The Soviets came and wrecked havoc and destroyed many monuments during the USSR period. The environmental disaster they left behind is on catastrophic scale and can still felt and seen clearly today. The war they had with Russia and Armenia in the late 1980’s and 1990’s has left them licking their wounds, but beside all this you can still and feel the great potential they have with the great oil wealth which hasn’t been fully utilized.
The silk route passed through Baku, the capital and the only cosmopolitan city in Azerbaijan. This old city was destroyed time and again by various invaders and only small parts of it survived. This part of town, and its surrounding area which includes the parliament, many old mansions and buildings form Baku’s golden era are truly charming and worth a visit.
The people, although, they are technically European seemed to me 100% Middle Eastern in mannerism, looks and attitude. They appeared to be a mix between the Persians and Turks, however, they associate themselves with the Turks due to the language similarities and the common interest they have against Armenia. The Azeris even adopted the new alphabet and grammar that was introduced by the Turkish leader Ataturk, who abandoned the Arabic script to distance Turkey from Islam and the Middle East. They major difference with Turkey is that they are religious, the majority of them are shia, and they do not have an Islamic phobia like Turkey does. The country is safe and the people are very helpful, but are a bit cold.
The area outsides of Baku are small towns and villages and although modern facilities are available, they lack any source of entertainment or luxury. Only Azeri restaurants are found and they serve a very limited menu which are mainly kebabs or ‘lule’ kebabs, which are yummy. Their fruits and vegetables are amazing and very tasty since they are natural and they are not genetic modification, don’t use pesticide or any other chemicals and preservatives.

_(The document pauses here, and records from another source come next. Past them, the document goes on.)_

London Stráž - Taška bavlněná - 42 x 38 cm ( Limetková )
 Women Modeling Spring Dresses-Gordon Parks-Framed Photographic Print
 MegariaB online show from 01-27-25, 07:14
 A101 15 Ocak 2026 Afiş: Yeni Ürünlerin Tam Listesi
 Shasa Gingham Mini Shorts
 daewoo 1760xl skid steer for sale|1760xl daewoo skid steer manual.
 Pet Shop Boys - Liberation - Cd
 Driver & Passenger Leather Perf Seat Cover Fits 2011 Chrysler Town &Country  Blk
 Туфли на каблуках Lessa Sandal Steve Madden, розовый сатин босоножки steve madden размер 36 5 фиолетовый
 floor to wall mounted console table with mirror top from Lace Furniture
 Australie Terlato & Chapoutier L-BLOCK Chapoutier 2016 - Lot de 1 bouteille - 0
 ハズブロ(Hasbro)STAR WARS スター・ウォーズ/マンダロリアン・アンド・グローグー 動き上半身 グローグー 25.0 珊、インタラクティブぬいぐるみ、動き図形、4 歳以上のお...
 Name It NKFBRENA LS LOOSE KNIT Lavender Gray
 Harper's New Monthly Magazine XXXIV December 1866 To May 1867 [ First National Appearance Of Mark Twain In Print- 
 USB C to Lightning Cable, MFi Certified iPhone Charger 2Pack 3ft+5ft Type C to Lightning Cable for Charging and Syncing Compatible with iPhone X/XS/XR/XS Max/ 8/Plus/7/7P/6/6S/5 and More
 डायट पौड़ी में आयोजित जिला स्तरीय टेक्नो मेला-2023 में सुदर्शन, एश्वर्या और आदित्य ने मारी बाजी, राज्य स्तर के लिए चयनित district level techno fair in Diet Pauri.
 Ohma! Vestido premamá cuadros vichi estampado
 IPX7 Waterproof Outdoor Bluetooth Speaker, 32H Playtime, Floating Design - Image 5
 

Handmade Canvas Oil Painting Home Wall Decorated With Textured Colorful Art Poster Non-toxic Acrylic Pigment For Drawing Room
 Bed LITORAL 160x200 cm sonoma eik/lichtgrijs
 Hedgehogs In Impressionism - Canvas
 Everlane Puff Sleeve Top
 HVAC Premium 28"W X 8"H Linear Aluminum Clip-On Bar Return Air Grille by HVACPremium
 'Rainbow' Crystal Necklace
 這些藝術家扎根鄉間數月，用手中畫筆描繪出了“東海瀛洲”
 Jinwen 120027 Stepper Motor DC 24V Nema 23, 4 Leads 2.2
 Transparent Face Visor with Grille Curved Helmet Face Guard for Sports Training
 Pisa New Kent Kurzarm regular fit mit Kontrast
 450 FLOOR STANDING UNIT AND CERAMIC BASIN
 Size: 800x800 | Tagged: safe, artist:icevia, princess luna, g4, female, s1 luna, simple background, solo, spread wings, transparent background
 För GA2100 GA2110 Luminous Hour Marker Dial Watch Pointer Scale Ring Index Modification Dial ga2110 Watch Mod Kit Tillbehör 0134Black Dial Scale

The scenery around Azerbaijan beautiful, except for the abandoned mammoth factories left by the Soviets. The mountain peaks are covered by snow, while rivers cross most towns and villages we visited and most areas are covered by a blanket of green vegetation. Unlike what I had in mind, the country is safe and the people are very helpful, but are a bit cold. Although, you can see the Soviet influence in the building towns the Azeri influence is more predominate. However, if you’ve seen Turkey and Iran before, Azerbaijan won’t make a great impression on you.